Исчезла Кичка, исчезла выдуманная в пустом купе офицерша, и послышался мне голос того самого фронтовика, что сидел на ранце перед станцией Раковски: «Хорошие у тебя штаны, товарищ! Утюг держат…»
Посматриваю на свои галифе: с одной стороны острой стрелки — светло, с другой — темно.
— До каких пор, Стефане? До каких пор будем жиреть по этим глухим гарнизонам?.. Кому нужны наши газеты без сообщений о победах!..

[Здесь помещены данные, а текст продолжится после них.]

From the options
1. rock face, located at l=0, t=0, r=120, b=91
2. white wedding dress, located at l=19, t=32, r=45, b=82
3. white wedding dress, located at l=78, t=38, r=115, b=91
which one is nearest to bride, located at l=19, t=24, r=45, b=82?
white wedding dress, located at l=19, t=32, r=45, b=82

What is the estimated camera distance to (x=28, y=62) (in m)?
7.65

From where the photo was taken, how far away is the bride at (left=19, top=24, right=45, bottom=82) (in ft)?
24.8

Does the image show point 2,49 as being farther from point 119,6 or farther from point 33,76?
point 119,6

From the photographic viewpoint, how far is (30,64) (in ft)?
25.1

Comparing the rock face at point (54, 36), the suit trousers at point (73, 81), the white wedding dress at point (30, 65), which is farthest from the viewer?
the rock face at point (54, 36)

Полковой комиссар отставляет коробку с циркулями, бережно опускает ее на стол и подает мне телефонограмму, написанную химическим карандашом.
С завтрашнего дня десятая Родопская дивизия начинает мобилизацию.

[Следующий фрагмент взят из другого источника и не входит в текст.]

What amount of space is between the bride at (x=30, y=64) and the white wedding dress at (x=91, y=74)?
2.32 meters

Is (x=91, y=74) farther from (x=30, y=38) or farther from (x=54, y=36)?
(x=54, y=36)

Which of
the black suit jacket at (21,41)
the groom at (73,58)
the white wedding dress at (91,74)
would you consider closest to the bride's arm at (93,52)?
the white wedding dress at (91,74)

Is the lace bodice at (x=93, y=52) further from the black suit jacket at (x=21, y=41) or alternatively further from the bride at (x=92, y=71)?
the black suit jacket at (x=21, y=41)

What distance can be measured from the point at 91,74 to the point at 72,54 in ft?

— Вот это дела! Прогуляемся по Европе…
Стефан смотрит на меня удивленно. А мне чудятся остроконечные кафедральные соборы, пестрые рекламы, написанные латинским шрифтом, замки с ореховыми шкафами, а в них — хрусталь и фарфор, который звенит сам по себе…
Столько было тогда у меня ума!..
ПОД ЧУЖИМ НЕБОМ
Столько было тогда у меня ума!..
Теперь мне чудятся не остроконечные кафедральные соборы и пестрые рекламы, написанные латинским шрифтом, а крутые склоны Кырджалыка, засыпанные белой порошей. Если бы был снег — тогда другое дело!
А пороша вроде снежка, похожа на крупу. Острый ветерок подхватывает ее возле синего терновника и как будто впивает в лицо ледяные иглы. От нахмуренных шерстинок чужой шинели мороз пробегает по коже; от чьих-то заиндевевших усов по телу твоему перекатываются ледяные зерна…
Освобожденный от узды конь несется галопом через ощетинившуюся стерню табачного поля, изгибает шею туда-сюда, поднимает снежное облако и, расчесывая его гривой, рвет оскаленными зубами синеву вечерних сумерек. Сколько длится декабрьский день, есть ли время для таких дел? Сколько?.. Скоро придавит нас мрак, утонет все в черноте и пороше: и оскаленные зубы, и грива. Только будут кое-где тускло мерцать электрические лампочки, да какой-нибудь керосиновый фонарь проплывет от ротных казарм к коновязям, а от коновязей — к ротным казармам.